I immediately get stuck on the fact that I only have a quarter tank of gas in my car and no knowledge of how to hack gas pumps and if the apocalypse hits I’m ferdamnsure not going to pay for gas. So I need to first learn how to siphon. I assume a gascan and a length of hose are all I need but I’ve never tried it in real life.
And things like hacking google’s frontpage? Now I gotta learn coding and webpages and cryptography because only the top director of Google Doodle left his password on a sticky note…
It’s actually fairly easy…but bring along some gum as your mouth will taste like gas for hours if you don’t. Anyway, there are hand-operated siphon pumps available at all hardware stores and they are more efficient. Hell…it might be easier to just change vehicles when one runs low on fuel.After all there will be an abundance of them around.
I’ve never worked at a gas station. I would have assumed they run through the POS. I suppose I could look around for a manager who might have a key card…
The net will be down after a few days/weeks. Probably wouldn’t find the person that way.
I would go on a long tour. I would make an road travel itinerary up of landmarks and places I’d like to visit for at least the next several years and make several thousand copies of it. It would note the specific date and times I would be at particular landmarks as I go along. I would do a few loops through North America and then down to South America and back. Along the way, every hundred miles or so I would brightly paint a garish color on an abandoned car that is somewhere conspicuous on the highway/road or wherever. Maybe mark buildings or landmarks too. At each of these I would leave a copy of my itinerary. So for example if someone finds a car I painted in LA two years previous, they can see from my itinerary that I’m due to be at the CN Tower in Toronto in 2 weeks and start heading out to meet me.
After 5 or so years of doing this I would look for a boat that I could operate to get me to Europe. Hopefully I could self teach the operation of it with manuals etc and learn of the best historic weather windows to do it. I am thinking Newfoundland to Iceland etc. must be doable it I time it right. Alternatively I might try going from Alaska to Russia. I’d have to research that.
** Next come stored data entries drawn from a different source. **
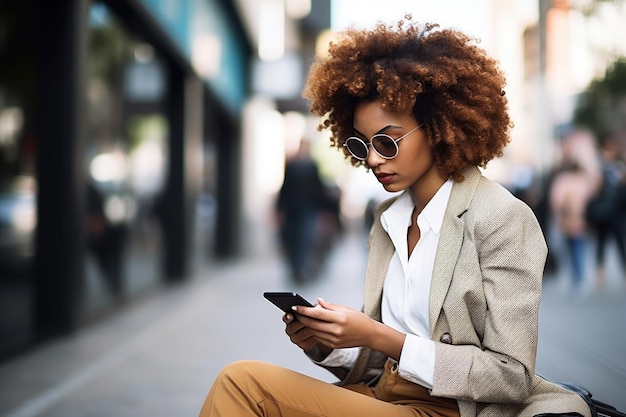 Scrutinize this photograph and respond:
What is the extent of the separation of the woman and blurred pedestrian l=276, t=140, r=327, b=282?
8797mm

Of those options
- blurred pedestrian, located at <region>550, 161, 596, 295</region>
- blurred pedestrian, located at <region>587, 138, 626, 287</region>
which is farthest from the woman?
blurred pedestrian, located at <region>587, 138, 626, 287</region>

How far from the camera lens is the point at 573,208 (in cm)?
971

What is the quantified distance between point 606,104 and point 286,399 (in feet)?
56.8

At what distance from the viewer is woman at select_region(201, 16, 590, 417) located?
6.45 ft

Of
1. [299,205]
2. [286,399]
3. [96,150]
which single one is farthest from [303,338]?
[299,205]

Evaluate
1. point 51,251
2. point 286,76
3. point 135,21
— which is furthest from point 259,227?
point 51,251

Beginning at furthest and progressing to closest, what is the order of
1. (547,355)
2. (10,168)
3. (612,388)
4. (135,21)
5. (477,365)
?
(135,21), (10,168), (547,355), (612,388), (477,365)

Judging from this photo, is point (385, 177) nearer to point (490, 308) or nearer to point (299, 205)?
point (490, 308)

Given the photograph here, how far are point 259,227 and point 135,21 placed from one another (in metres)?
9.94

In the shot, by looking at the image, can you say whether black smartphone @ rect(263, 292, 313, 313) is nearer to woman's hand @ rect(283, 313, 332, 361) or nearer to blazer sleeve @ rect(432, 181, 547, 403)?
woman's hand @ rect(283, 313, 332, 361)

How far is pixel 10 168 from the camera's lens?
616 cm

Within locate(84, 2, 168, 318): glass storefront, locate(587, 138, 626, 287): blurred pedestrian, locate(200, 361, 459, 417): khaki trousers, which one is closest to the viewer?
locate(200, 361, 459, 417): khaki trousers

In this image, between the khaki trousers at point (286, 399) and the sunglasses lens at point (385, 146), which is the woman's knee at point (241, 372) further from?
the sunglasses lens at point (385, 146)

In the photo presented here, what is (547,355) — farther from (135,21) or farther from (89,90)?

Once across the ocean I continue my tour through Europe, Asia and Africa.
I think about this stuff sometimes. If there were only two people left in a state, and no modern tech (phone, internet, radio, etc.) was available, could they find each other?
Sure. But they’re not going to be twitter/facebook/usenet group users. I think people are dramatically underestimating how irrelevant the Internet is to the day to day life of billions of people.
I think my best bet would be to start fires. Big, smoky fires. Of course, I’d need a way to prove they weren’t just random fires caused by the downfall of civilization. So I’d keep them under control. Let them burn for, say, a day or two, then put them out for a while. Then repeat.
Unless they’re within what… a thousand (?) two thousand (?) miles of each other the hard part will be hooking up. Supposing she’s in Tokyo and you’re in New York? Then what?
The electric grid would probably be down within minutes, but that’s no fun, so assuming the internet and all websites stayed operational…
I’d go to all the large news websites and post in the comment section of all the stories on the main page. Those sites would be where the other person would be likely to look, and that’s the only way you’ll be able to change content on them, if they just think to look at comments.
Then I’d look for large sites that automatically show the newly submitted content. Do Pinterest, Photobucket, etc have a “recent images” page? Does eBay have “new auctions?” Do any large chat sites show recently logged in users? Does Amazon show recently purchased items? Many won’t show new content, but I’m sure many do.
Assuming both people are looking on the internet (big assumption), thought to look for altered content (another assumption but any net savvy person should think of it before long), and given the fact that you can make your mark on all the suitable large sites in no time, I think the two might notice each other pretty soon.
In fact, I can think of dozens of places where people sit around radios listening to shortwave broadcasts if they want news of the world. Even if they had dependable electricity to run a computer, its cost would likely be equivalent of several years of pay.
If I’m one of the last two people left alive, how the heck am I going to know that exactly one other person is still alive? For all I know there could be dozens, hundreds even thousands and it would still seem like the same empty world to me until I found someone else.
my own takeaway from the OP is that, there is no centralised communication point on the Internet. if you want to broadcast a message to everyone who’s using the Internet, how would you do so? currently, what happens is you depend on others to disseminate that information for you, provided that they deemed it to be interesting enough.
with the OP’s restraints, i think releasing spambots on every other website is perhaps the only option we have to send the message across.